**TASK DETAILS**
Please copy out every line in the records below that includes the word "luar".

------ DATA TO USE

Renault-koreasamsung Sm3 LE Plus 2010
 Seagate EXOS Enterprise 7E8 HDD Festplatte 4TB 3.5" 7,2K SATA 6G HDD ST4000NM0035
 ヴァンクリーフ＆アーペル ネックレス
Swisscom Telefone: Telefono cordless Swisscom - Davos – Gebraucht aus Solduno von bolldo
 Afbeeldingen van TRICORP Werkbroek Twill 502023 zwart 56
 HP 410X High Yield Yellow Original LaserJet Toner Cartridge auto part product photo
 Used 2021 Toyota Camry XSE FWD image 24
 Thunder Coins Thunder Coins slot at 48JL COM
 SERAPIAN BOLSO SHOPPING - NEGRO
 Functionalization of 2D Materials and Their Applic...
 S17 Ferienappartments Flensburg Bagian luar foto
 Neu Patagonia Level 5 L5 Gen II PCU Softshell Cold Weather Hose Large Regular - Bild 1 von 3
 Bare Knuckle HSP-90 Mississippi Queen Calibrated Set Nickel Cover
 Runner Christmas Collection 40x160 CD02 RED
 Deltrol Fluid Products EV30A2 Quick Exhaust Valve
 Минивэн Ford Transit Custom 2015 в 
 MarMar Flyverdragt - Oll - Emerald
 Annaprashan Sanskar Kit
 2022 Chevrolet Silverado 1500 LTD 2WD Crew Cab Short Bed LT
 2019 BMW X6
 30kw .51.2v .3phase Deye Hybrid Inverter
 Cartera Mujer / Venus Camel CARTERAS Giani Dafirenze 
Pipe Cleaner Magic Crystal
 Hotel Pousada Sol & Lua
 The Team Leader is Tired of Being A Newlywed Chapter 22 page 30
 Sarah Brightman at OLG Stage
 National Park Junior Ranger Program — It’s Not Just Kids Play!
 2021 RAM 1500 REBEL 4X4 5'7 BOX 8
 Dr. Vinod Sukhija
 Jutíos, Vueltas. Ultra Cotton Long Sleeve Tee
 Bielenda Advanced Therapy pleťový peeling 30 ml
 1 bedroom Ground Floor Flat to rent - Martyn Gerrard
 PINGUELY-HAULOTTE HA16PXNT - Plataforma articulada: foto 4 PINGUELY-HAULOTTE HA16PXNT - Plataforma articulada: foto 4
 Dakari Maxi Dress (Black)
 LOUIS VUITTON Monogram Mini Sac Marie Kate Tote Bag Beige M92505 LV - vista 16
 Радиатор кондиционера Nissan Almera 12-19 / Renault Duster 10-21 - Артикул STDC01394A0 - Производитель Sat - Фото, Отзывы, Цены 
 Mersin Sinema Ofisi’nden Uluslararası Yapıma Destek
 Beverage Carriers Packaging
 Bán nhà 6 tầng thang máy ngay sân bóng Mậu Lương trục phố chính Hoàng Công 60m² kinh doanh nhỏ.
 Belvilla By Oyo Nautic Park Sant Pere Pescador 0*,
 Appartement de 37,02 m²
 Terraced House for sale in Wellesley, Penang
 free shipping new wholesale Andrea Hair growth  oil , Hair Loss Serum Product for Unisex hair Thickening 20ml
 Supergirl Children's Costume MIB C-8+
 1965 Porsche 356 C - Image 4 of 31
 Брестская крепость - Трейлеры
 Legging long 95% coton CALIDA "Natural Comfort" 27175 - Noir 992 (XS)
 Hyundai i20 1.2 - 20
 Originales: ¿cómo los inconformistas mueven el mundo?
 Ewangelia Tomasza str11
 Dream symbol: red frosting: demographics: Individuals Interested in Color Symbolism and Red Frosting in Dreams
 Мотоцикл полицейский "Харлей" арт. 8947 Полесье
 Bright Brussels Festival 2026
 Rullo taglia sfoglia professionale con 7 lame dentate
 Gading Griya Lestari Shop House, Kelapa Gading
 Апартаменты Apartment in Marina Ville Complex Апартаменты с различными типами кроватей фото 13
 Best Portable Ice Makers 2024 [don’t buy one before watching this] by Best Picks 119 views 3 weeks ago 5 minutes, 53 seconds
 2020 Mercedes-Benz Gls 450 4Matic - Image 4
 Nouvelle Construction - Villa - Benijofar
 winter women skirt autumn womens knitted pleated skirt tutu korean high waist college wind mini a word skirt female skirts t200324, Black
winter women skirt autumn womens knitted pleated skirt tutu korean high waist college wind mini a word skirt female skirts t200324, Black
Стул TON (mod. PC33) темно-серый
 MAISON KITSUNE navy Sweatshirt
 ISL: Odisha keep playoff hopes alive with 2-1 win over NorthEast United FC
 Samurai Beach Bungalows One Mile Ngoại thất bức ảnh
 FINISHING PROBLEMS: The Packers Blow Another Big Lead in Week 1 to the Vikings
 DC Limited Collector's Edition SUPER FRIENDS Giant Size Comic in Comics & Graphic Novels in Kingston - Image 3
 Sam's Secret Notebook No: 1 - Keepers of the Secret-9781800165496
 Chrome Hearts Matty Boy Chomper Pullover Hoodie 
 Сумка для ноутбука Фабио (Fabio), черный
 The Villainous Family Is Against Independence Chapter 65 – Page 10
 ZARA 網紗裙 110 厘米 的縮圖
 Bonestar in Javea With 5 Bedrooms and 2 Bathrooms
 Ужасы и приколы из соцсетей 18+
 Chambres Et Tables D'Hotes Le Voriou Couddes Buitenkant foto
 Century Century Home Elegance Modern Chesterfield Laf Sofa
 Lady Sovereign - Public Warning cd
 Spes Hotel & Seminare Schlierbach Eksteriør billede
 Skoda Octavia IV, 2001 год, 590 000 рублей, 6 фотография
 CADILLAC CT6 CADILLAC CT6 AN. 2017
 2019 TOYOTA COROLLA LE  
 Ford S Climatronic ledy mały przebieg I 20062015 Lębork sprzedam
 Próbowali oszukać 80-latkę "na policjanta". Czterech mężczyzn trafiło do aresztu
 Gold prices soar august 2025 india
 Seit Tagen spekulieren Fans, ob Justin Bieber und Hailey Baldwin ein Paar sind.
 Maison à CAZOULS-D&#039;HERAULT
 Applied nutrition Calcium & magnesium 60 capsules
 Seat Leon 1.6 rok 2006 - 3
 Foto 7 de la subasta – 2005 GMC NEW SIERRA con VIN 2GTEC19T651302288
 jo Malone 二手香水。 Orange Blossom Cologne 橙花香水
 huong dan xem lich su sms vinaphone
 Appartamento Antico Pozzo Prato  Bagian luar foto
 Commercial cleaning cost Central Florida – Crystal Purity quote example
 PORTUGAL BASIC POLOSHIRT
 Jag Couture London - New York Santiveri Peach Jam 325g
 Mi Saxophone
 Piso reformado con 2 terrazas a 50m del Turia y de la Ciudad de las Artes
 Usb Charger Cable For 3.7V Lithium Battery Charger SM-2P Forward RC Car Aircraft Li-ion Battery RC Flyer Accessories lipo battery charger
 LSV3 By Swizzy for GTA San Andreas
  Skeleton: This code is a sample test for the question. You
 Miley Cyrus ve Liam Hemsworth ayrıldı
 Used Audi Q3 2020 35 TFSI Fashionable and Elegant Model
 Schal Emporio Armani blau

------------

**RESPONSE BOX**
 S17 Ferienappartments Flensburg Bagian luar foto
 Appartamento Antico Pozzo Prato  Bagian luar foto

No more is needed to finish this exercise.